The CDPHE has consistently adopted a downbeat philosophy when it comes to the impact of legal pot, with a February 2015 report standing as a perfect example.
That document focused on pot-is-awful stats, such as the claim that the risk of automobile crashes doubles after a driver's recent marijuana use, to the almost complete exclusion of any positive material.
By this standard, a new marijuana report by another state agency — the Department of Public Safety — represents a more evenhanded approach.
The study — titled "Marijuana Legalization in Colorado: Early Findings" and on view below in its entirety — contains plenty of data the department clearly considers troubling, including numbers showing increased marijuana usage by those eighteen and older and a considerable bump in emergency-room visits.

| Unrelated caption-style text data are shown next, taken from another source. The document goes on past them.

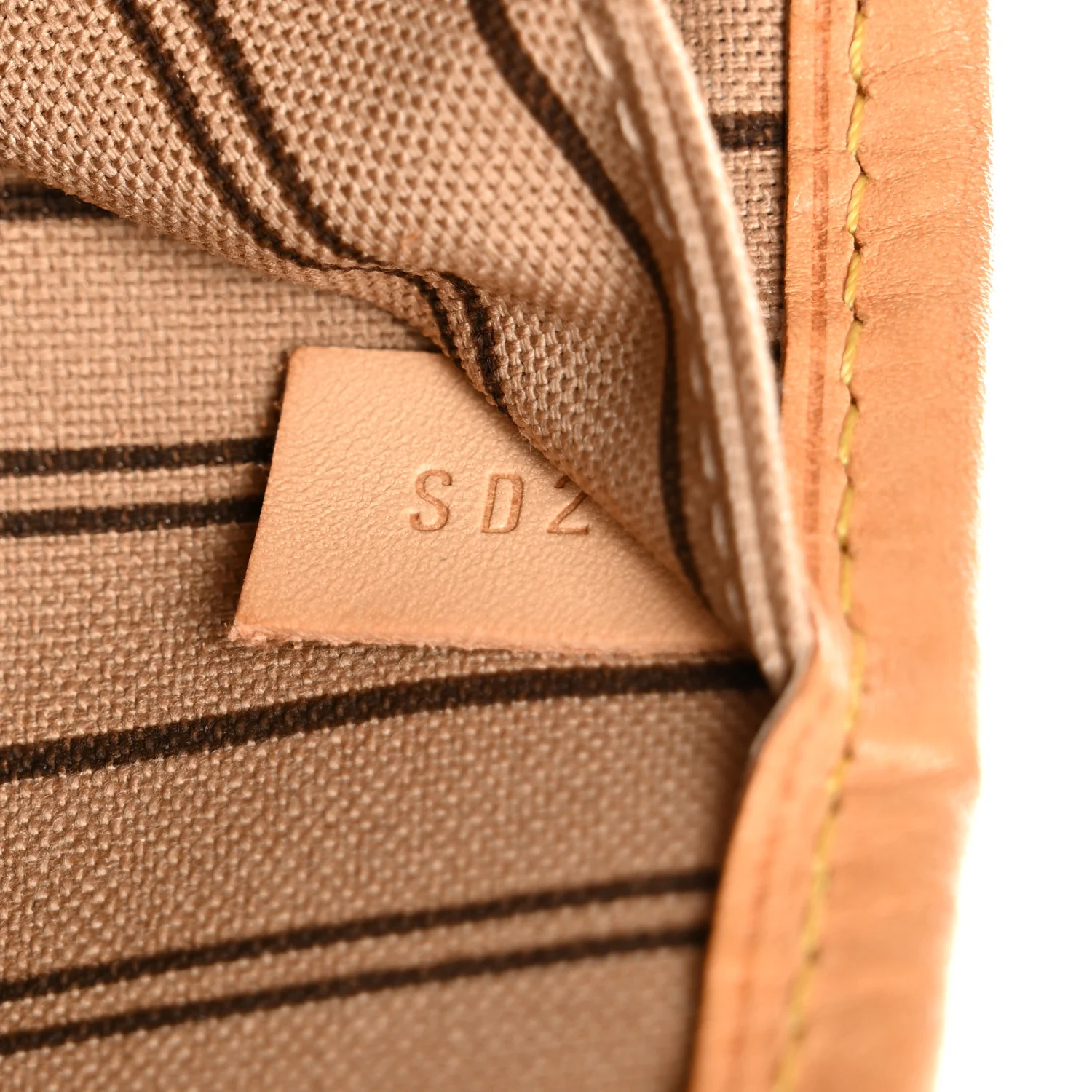 Monogram Neo Neverfull MM - Image 9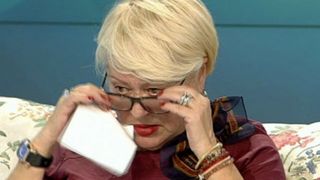 Mirabela Dauer, devastata de durere! Ce mesaj i-a transmis lui Marius Teicu, dupa ce a aflat ca fiica lui a murit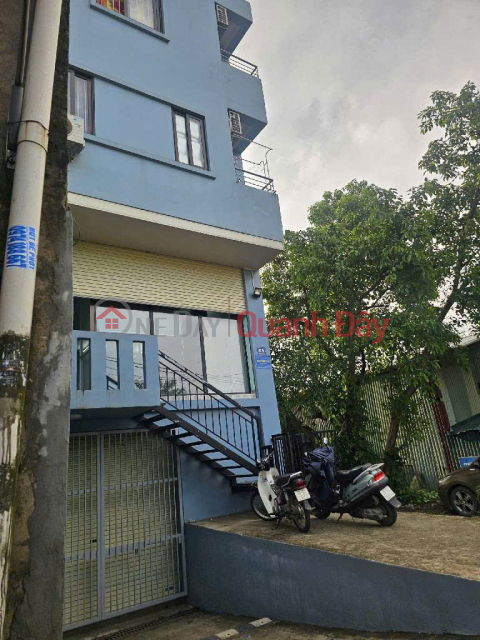 HO TUNG MAU STREET FRONTAGE, MONTHLY INCOME OF 50 MILLION VND, 207 M2, 5 FLOORS, PRICE 21.5 BILLION VND (NEGOTIABLE) _0
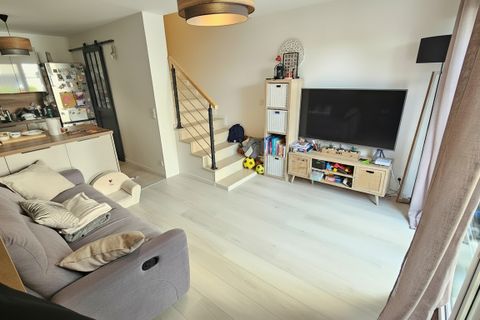 Villa i Houdan, Yvelines, Houdan - € 200 000 | Ref: 447210FPOU - foto 2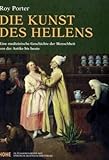 Cover zum Buch Die Kunst des Heilens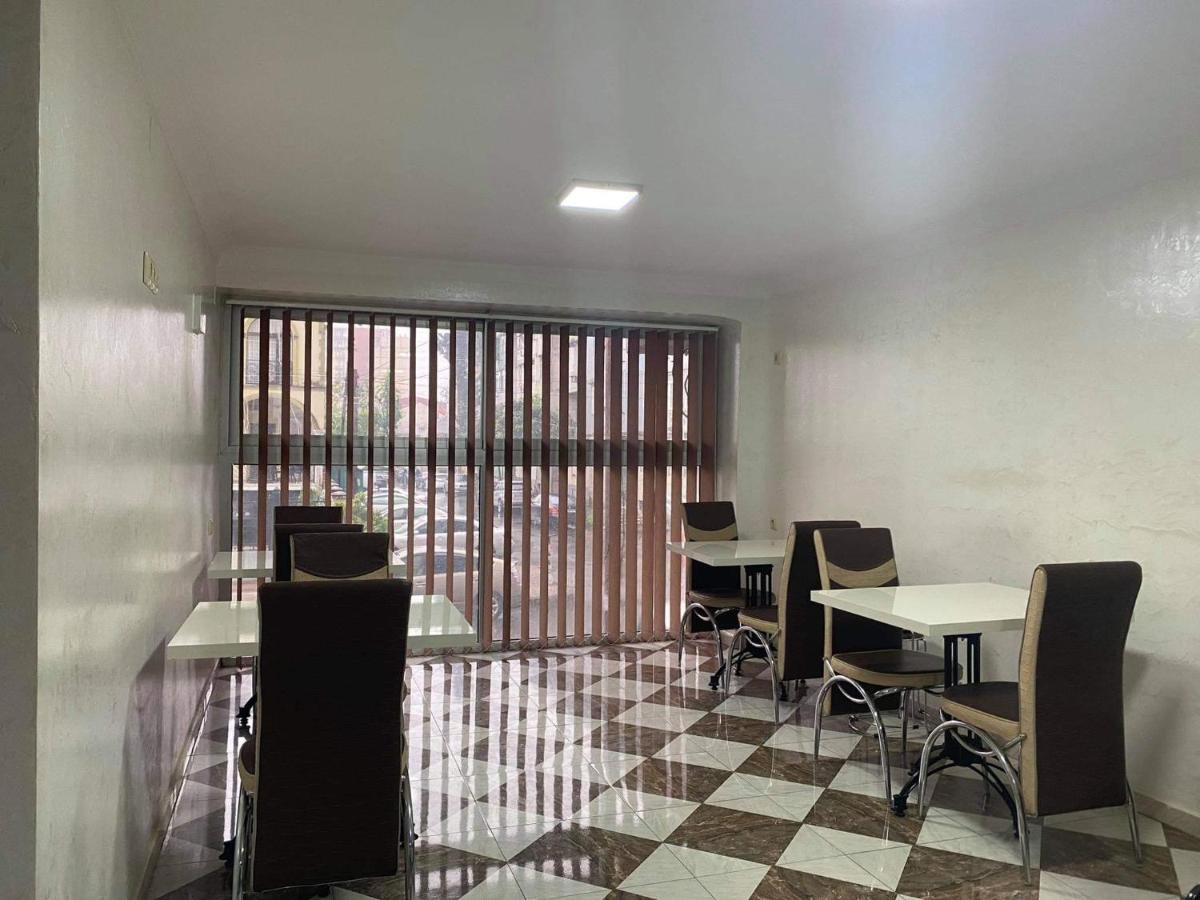 Family Hotel Batumi Ngoại thất bức ảnh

But there are also a handful of items showing that some of the promises made by advocates prior to the November 2012 passage of Amendment 64, which legalized limited recreational marijuana sales in the state, are coming true.
For instance, high-school marijuana use is down, and so are marijuana-related arrests in Denver.
Here's a rundown of some of the items that worry the folks at the public safety department:
• Among those 18-25 years old, marijuana usage has increased from 21 percent in 2006 to 31 percent in 2014.
• Among those 26 or older, marijuana usage has increased from 5 percent in 2006 to 12 percent in 2014.
• 33% of marijuana users who have reported marijuana use in the past 30 days have used daily.
• Marijuana-related hospitalizations have increased from a rate of 803 per 100,000 pre-commercialization to 2,413 per 100,000 post-commercialization.
• The period of retail commercialization showed a significant increase in emergency department visits, from 739 per 100,000 (2010–2013) to 956 per 100,000 emergency department visits (2014–June 2015).
Another factoid that fits in this category reads: "In the 2014-15 school year, school-based discipline for drugs accounted for 41% of all expulsions, 31% of all law enforcement referrals, and 6% of all suspensions in Colorado."
However, it doesn't tell the whole story.
First of all, the numbers deal with drugs in general rather than being marijuana-specific. Moreover, the report notes that "the drug suspension rate began to increase in 2009-2010, up 29 percent from 2008-2009. Since that increase, the drug suspension rate has remained relatively stable." Moreover, the expulsion rate for 2014-2015 was fifty per 100,000 registered students, which is actually lower than it was during two school years prior to A64's enactment. In 2008-2009, the rate was 65 per 100,000 registered students, and in 2009-2010, the number was 90 per 100,000 registered students.
This trend is acknowledged in another safety-department item, which points out that "high school students ever using marijuana has declined from 42.4 percent in 2005 to 36.9 percent in 2013. The percentage of high school students currently using marijuana has decreased from 22.7 percent to 19.7 percent over the same period," even though "youth use in Colorado remains above the national average."
Here's a graphic that shows declining high-school marijuana use, as well as dips for alcohol and tobacco usage.
Another mixed stat: While marijuana as an impairing substance in DUIs went up from 12 percent in 2014 to 15 percent last year, the total number of marijuana-related DUIDs actually went down slightly.
And then there are the arrest stats.
Pot-related busts in Denver went down by 46 percent between 2012 and 2014, the department acknowledges, "while possession arrests were cut in half and sales arrests have decreased by 24 percent. "
This graphic depicts some even more dramatic decreases.
In all, the Department of Public Safety's analysis is more objective than the ones we've come to expect from the CDPHE.
Maybe the folks there should crunch all of the cannabis numbers from here on out.